# [TASK STATEMENT]
Without omission or alteration, write out all of the data.

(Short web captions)
--- START ---
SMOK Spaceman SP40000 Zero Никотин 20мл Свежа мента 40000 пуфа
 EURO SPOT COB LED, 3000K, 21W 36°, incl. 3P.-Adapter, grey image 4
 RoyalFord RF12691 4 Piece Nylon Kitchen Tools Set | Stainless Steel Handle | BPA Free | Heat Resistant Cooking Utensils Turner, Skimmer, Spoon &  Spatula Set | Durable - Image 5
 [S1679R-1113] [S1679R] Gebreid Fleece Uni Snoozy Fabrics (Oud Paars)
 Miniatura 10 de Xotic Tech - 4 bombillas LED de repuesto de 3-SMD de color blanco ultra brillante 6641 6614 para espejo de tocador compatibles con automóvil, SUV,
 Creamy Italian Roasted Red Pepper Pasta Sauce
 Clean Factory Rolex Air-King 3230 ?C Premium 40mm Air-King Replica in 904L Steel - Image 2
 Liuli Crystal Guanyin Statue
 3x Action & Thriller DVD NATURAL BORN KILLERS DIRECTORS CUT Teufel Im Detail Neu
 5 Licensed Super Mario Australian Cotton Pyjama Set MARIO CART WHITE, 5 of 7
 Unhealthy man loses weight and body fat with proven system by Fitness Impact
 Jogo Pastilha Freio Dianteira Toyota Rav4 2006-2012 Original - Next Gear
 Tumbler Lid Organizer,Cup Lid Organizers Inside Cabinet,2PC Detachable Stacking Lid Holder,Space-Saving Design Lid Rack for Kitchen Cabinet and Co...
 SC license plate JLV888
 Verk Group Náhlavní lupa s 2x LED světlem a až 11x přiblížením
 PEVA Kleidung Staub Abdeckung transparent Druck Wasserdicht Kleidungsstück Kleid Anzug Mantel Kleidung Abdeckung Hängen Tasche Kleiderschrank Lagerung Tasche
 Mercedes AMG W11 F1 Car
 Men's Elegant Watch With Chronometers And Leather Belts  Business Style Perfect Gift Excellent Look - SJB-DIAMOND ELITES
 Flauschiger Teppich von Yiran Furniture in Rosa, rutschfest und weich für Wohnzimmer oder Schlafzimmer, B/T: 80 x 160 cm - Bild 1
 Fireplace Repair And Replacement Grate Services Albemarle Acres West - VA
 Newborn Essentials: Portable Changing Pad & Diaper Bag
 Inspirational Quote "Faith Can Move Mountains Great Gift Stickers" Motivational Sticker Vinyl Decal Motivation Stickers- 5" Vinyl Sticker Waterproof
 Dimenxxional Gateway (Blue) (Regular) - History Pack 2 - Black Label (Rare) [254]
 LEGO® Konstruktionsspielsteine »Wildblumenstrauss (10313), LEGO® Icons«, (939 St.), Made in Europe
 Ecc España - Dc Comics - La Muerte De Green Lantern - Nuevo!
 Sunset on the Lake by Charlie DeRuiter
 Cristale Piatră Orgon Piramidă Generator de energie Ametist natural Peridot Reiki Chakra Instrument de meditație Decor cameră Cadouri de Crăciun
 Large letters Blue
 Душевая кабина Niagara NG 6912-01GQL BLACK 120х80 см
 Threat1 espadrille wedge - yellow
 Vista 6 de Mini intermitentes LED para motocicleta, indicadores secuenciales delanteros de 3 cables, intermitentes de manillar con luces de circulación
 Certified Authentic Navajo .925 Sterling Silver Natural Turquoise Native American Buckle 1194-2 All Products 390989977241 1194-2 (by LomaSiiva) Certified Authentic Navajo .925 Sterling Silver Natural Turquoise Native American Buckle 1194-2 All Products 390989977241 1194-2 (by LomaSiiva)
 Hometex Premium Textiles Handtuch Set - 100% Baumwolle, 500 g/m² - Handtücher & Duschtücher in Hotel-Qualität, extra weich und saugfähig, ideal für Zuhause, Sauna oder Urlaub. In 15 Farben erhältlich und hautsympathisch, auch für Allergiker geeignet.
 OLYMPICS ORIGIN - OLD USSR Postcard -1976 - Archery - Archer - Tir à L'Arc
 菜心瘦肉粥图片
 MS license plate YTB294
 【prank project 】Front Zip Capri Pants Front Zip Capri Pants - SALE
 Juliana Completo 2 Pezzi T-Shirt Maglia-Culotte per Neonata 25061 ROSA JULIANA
--- END ---
# [ANSWER TO THE PROBLEM]
SMOK Spaceman SP40000 Zero Никотин 20мл Свежа мента 40000 пуфа
 EURO SPOT COB LED, 3000K, 21W 36°, incl. 3P.-Adapter, grey image 4
 RoyalFord RF12691 4 Piece Nylon Kitchen Tools Set | Stainless Steel Handle | BPA Free | Heat Resistant Cooking Utensils Turner, Skimmer, Spoon &  Spatula Set | Durable - Image 5
 [S1679R-1113] [S1679R] Gebreid Fleece Uni Snoozy Fabrics (Oud Paars)
 Miniatura 10 de Xotic Tech - 4 bombillas LED de repuesto de 3-SMD de color blanco ultra brillante 6641 6614 para espejo de tocador compatibles con automóvil, SUV,
 Creamy Italian Roasted Red Pepper Pasta Sauce
 Clean Factory Rolex Air-King 3230 ?C Premium 40mm Air-King Replica in 904L Steel - Image 2
 Liuli Crystal Guanyin Statue
 3x Action & Thriller DVD NATURAL BORN KILLERS DIRECTORS CUT Teufel Im Detail Neu
 5 Licensed Super Mario Australian Cotton Pyjama Set MARIO CART WHITE, 5 of 7
 Unhealthy man loses weight and body fat with proven system by Fitness Impact
 Jogo Pastilha Freio Dianteira Toyota Rav4 2006-2012 Original - Next Gear
 Tumbler Lid Organizer,Cup Lid Organizers Inside Cabinet,2PC Detachable Stacking Lid Holder,Space-Saving Design Lid Rack for Kitchen Cabinet and Co...
 SC license plate JLV888
 Verk Group Náhlavní lupa s 2x LED světlem a až 11x přiblížením
 PEVA Kleidung Staub Abdeckung transparent Druck Wasserdicht Kleidungsstück Kleid Anzug Mantel Kleidung Abdeckung Hängen Tasche Kleiderschrank Lagerung Tasche
 Mercedes AMG W11 F1 Car
 Men's Elegant Watch With Chronometers And Leather Belts  Business Style Perfect Gift Excellent Look - SJB-DIAMOND ELITES
 Flauschiger Teppich von Yiran Furniture in Rosa, rutschfest und weich für Wohnzimmer oder Schlafzimmer, B/T: 80 x 160 cm - Bild 1
 Fireplace Repair And Replacement Grate Services Albemarle Acres West - VA
 Newborn Essentials: Portable Changing Pad & Diaper Bag
 Inspirational Quote "Faith Can Move Mountains Great Gift Stickers" Motivational Sticker Vinyl Decal Motivation Stickers- 5" Vinyl Sticker Waterproof
 Dimenxxional Gateway (Blue) (Regular) - History Pack 2 - Black Label (Rare) [254]
 LEGO® Konstruktionsspielsteine »Wildblumenstrauss (10313), LEGO® Icons«, (939 St.), Made in Europe
 Ecc España - Dc Comics - La Muerte De Green Lantern - Nuevo!
 Sunset on the Lake by Charlie DeRuiter
 Cristale Piatră Orgon Piramidă Generator de energie Ametist natural Peridot Reiki Chakra Instrument de meditație Decor cameră Cadouri de Crăciun
 Large letters Blue
 Душевая кабина Niagara NG 6912-01GQL BLACK 120х80 см
 Threat1 espadrille wedge - yellow
 Vista 6 de Mini intermitentes LED para motocicleta, indicadores secuenciales delanteros de 3 cables, intermitentes de manillar con luces de circulación
 Certified Authentic Navajo .925 Sterling Silver Natural Turquoise Native American Buckle 1194-2 All Products 390989977241 1194-2 (by LomaSiiva) Certified Authentic Navajo .925 Sterling Silver Natural Turquoise Native American Buckle 1194-2 All Products 390989977241 1194-2 (by LomaSiiva)
 Hometex Premium Textiles Handtuch Set - 100% Baumwolle, 500 g/m² - Handtücher & Duschtücher in Hotel-Qualität, extra weich und saugfähig, ideal für Zuhause, Sauna oder Urlaub. In 15 Farben erhältlich und hautsympathisch, auch für Allergiker geeignet.
 OLYMPICS ORIGIN - OLD USSR Postcard -1976 - Archery - Archer - Tir à L'Arc
 菜心瘦肉粥图片
 MS license plate YTB294
 【prank project 】Front Zip Capri Pants Front Zip Capri Pants - SALE
 Juliana Completo 2 Pezzi T-Shirt Maglia-Culotte per Neonata 25061 ROSA JULIANA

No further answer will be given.